The DfE has increasingly consolidated its preference for the trust model as the primary vehicle for school improvement at scale.2 The expectation is that MATs will continue to grow — absorbing struggling schools, expanding across regions, and taking on civic responsibilities that in earlier decades sat with elected local government. That is a significant mandate. And it arrives at exactly the moment when the financial model underpinning it is under its most serious strain since the academy programme began.
This is the landscape. And it demands leadership of a different order.
The Financial
Reckoning
The data is stark — and the trend is worsening
The most significant immediate challenge facing MAT executives is financial. Not cash-flow in the short term. Not a single year of difficult budgeting. A structural deterioration in the financial position of the sector that is now showing up in the data with unmistakeable clarity.
To understand how serious this is, consider the trajectory. In 2024, the equivalent sector report found 34% of trusts expecting a deficit. In 2025, that figure has risen to 55%. That is not a fluctuation. That is a trend — and it is moving in one direction.

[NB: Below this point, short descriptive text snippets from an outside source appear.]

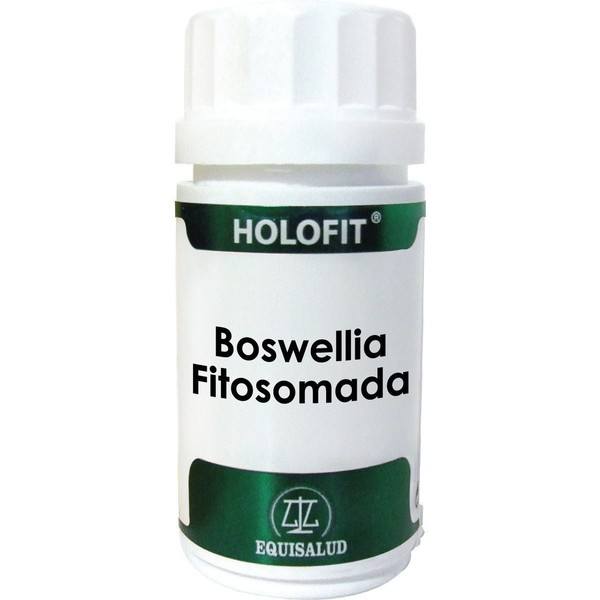 Equisalud Holofit Boswellia Phytosome 50 Cap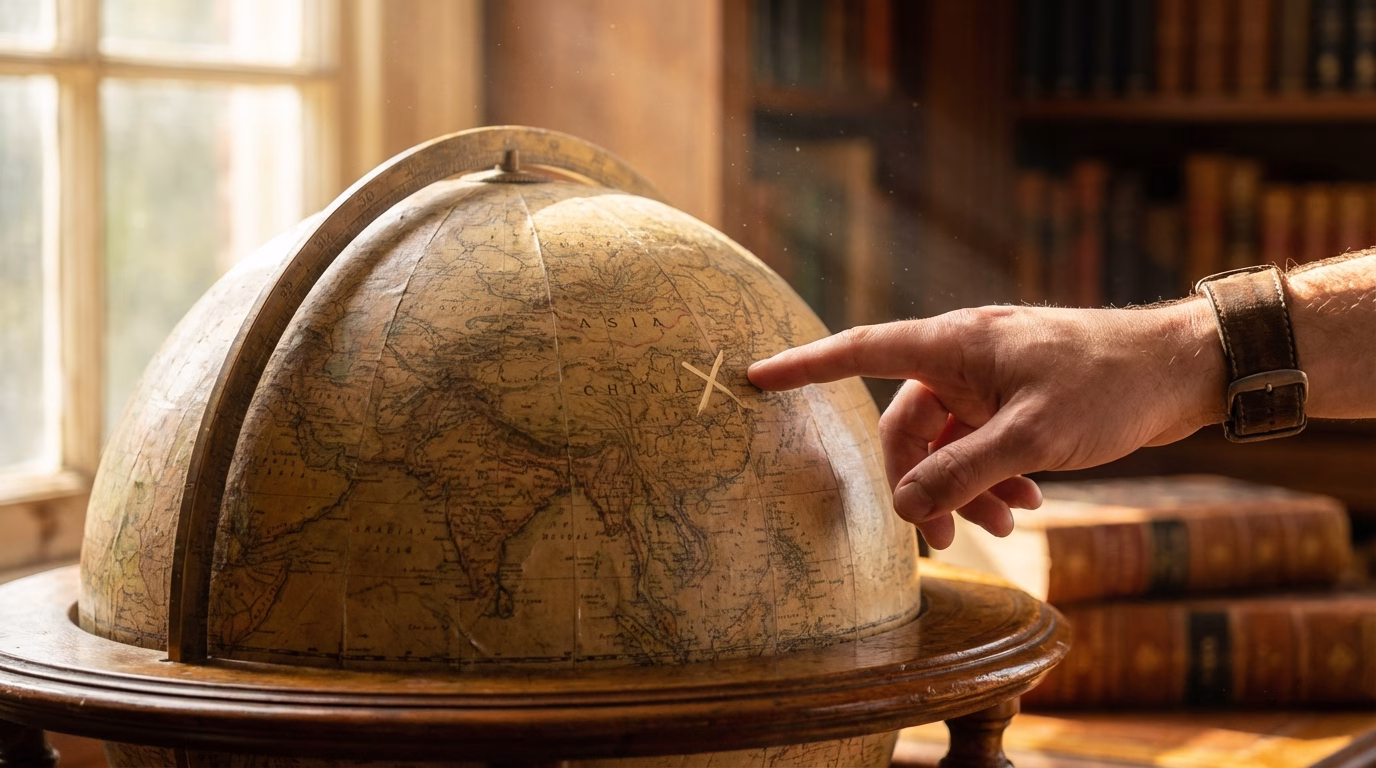 Pays commençant par la lettre X : la vérité dévoilée 1 Pays commençant par la lettre X : la vérité dévoilée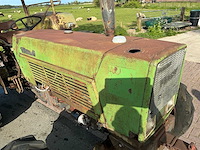 Fendt farmer 5s vierwielaangedreven landbouwtractor - afbeelding 25 van  27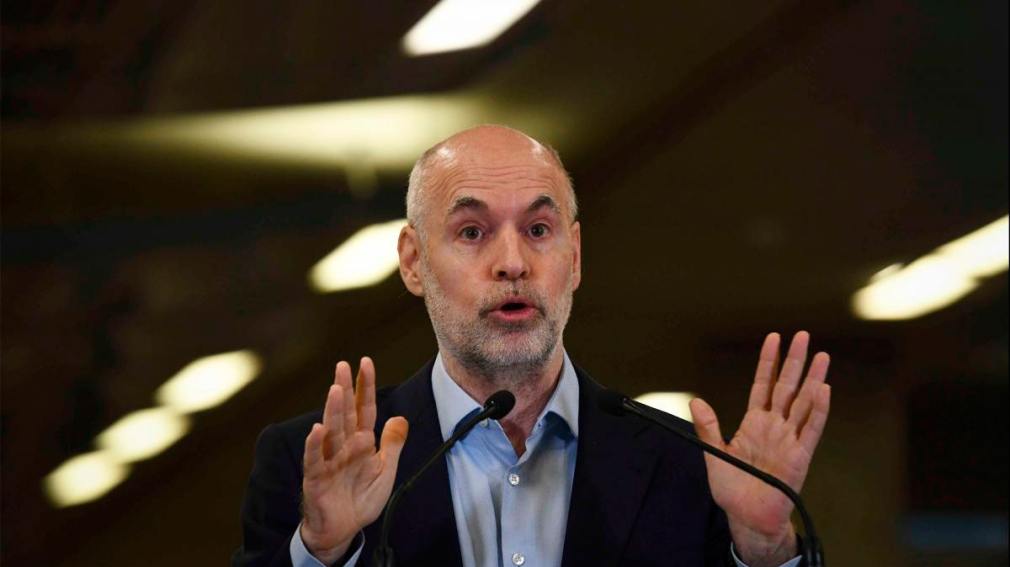 Larreta hizo una profunda reflexión sobre su derrota en las elecciones de 2023: “No pude manejar el tema de ser el ganador dos años antes”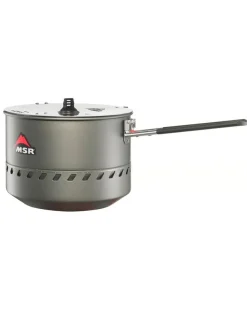 MSR Reactor Pot 2.5 L Kookpan
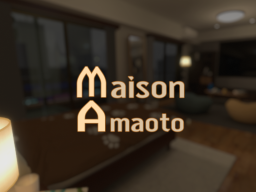 Maison Amaoto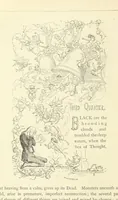 Picture 16 of 49 from Christmas Books ... With illustrations by Sir Edwin Landseer, R.A., Maclise, R.A., Stanfield, R.A., F. Stone, Doyle, Leech, and Tenniel (1869), leaf 160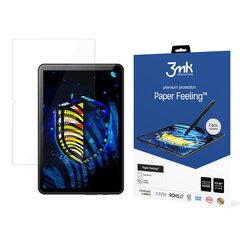 UMAX Vision Book 10C LTE - 3mk Paper Feeling™ 11'' screen protector cena un informācija | Citi aksesuāri planšetēm un e-grāmatām | 220.lv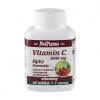 MEDPHARMA Vitamín C 1000 mg so šípkami 60 + 7 tabliet ZADARMO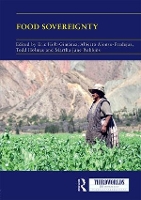 Book Cover for Food Sovereignty by Eric HoltGimenez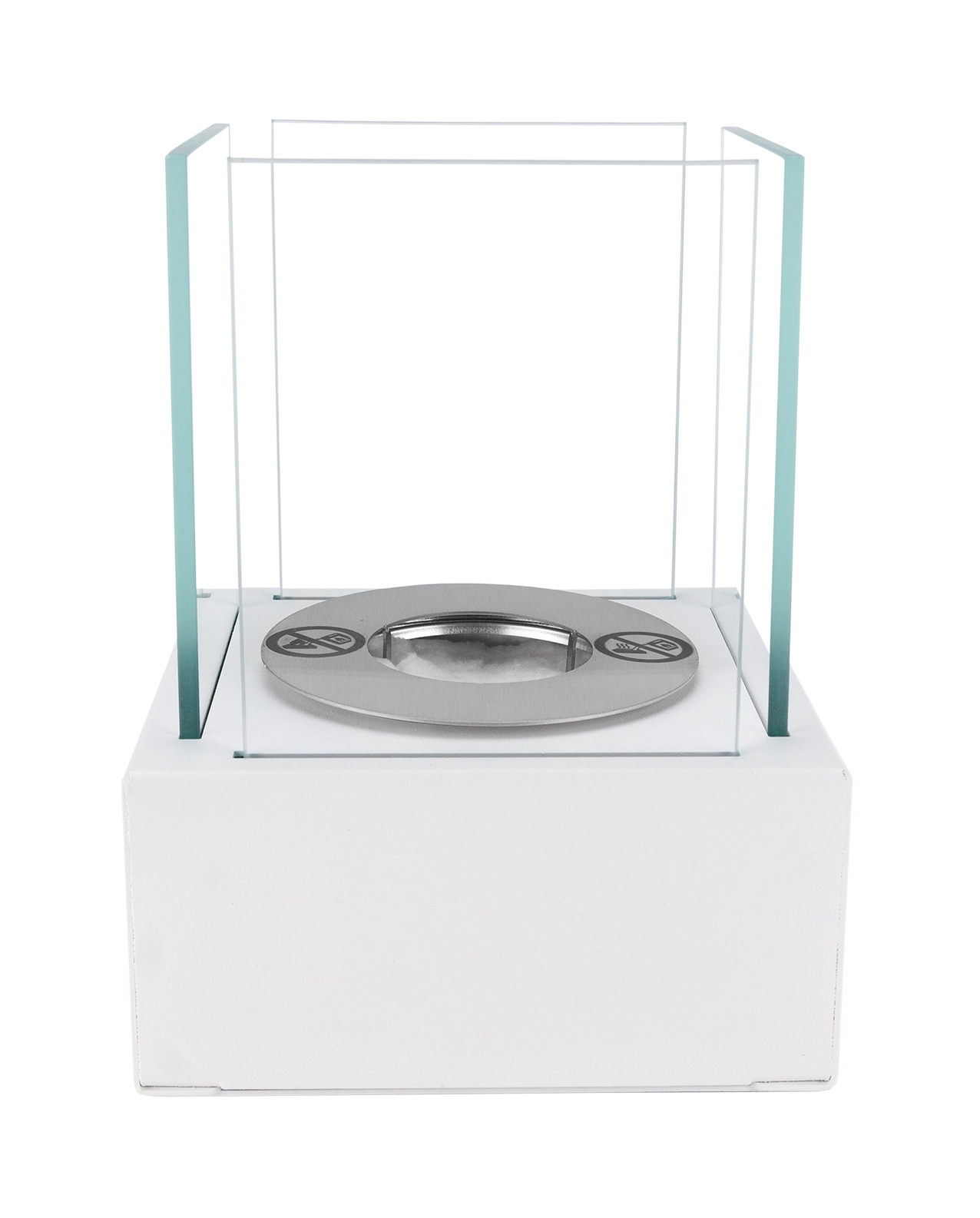 Smart – White Structural Matte Finish – zdjęcie 9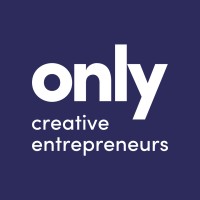 ONLY Creative Entrepreneurs logo, ONLY Creative Entrepreneurs contact details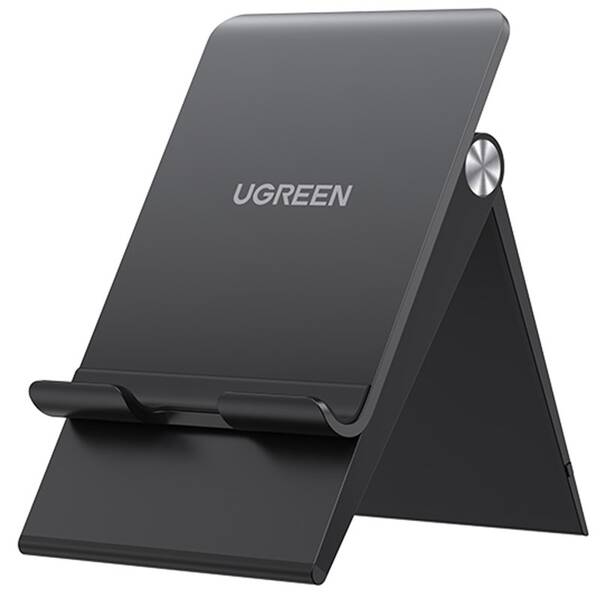 Držiak na mobil UGREEN Multi-Angle Height Adjustable čierny

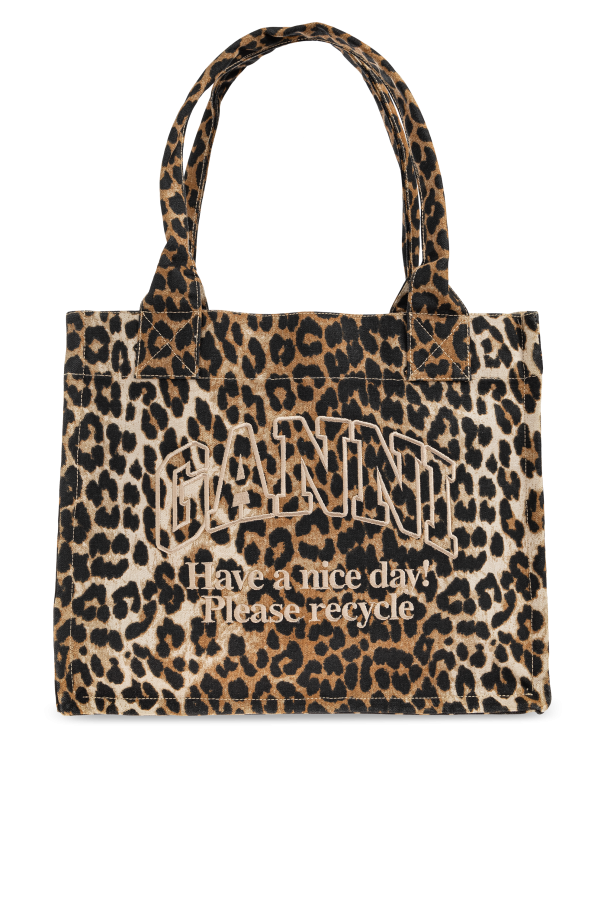 Shopper bag od Ganni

"More than half of school trusts are expecting an in-year deficit for this academic year, calling on reserves to plug the gap between costs and funding. This is not sustainable year after year."
Leora Cruddas CBE, Chief Executive, Confederation of School Trusts6Where the pressure is coming from
The drivers of this deterioration are multiple — and critically, they compound each other. Staff costs are the primary pressure point, cited by 36% of MAT finance leaders as their biggest challenge for 2025–26.5 Teacher pay awards, support staff pay, and the April 2025 uplift in employer National Insurance contributions have together created a cost base that the current funding model was not designed to absorb. At 85% of trust income being spent on staffing,7 there is almost no slack in the system for absorbing further shocks.
Falling pupil numbers — cited by 28% of finance leaders as a significant concern — are particularly acute in primary trusts, where the primary-age population decline is a demographic reality projected to persist for several years.5 MATs with mostly primary schools are expecting pupil numbers to drop almost 2% by 2026/27, and the funding consequence is direct: fewer pupils means less General Annual Grant income, against largely fixed cost structures.8
The growing complexity of pupil need — particularly the rise in SEND pupils, cited by 21% of finance leaders — creates a further layer of pressure that the existing architecture is poorly equipped to manage. High-needs funding is ring-fenced but chronically underfunded relative to actual demand, leaving trusts absorbing a growing proportion of SEND support costs from their core budget.5
What this demands of executive teams
A financial environment this complex does not call for traditional financial management. It calls for decision intelligence applied to trade-offs that have no clean answers: which schools receive resource priority, which central services genuinely protect educational quality, when does a deficit position require a structural response rather than a one-year mitigation, and how does the executive team prepare the board for decisions they have not had to make before? These are not finance questions. They are leadership questions with financial content — and they require an executive team that can think collectively, act decisively, and govern well under conditions of genuine uncertainty.
The Talent
Time Bomb
The succession pipeline is thin — and the cost of that is becoming visible
Beneath the financial pressures, there is a quieter crisis forming in MAT leadership. It is less visible in the data because it has not yet fully manifested — but the conditions for it are in place, and the organisations that do not address it now will feel its consequences acutely.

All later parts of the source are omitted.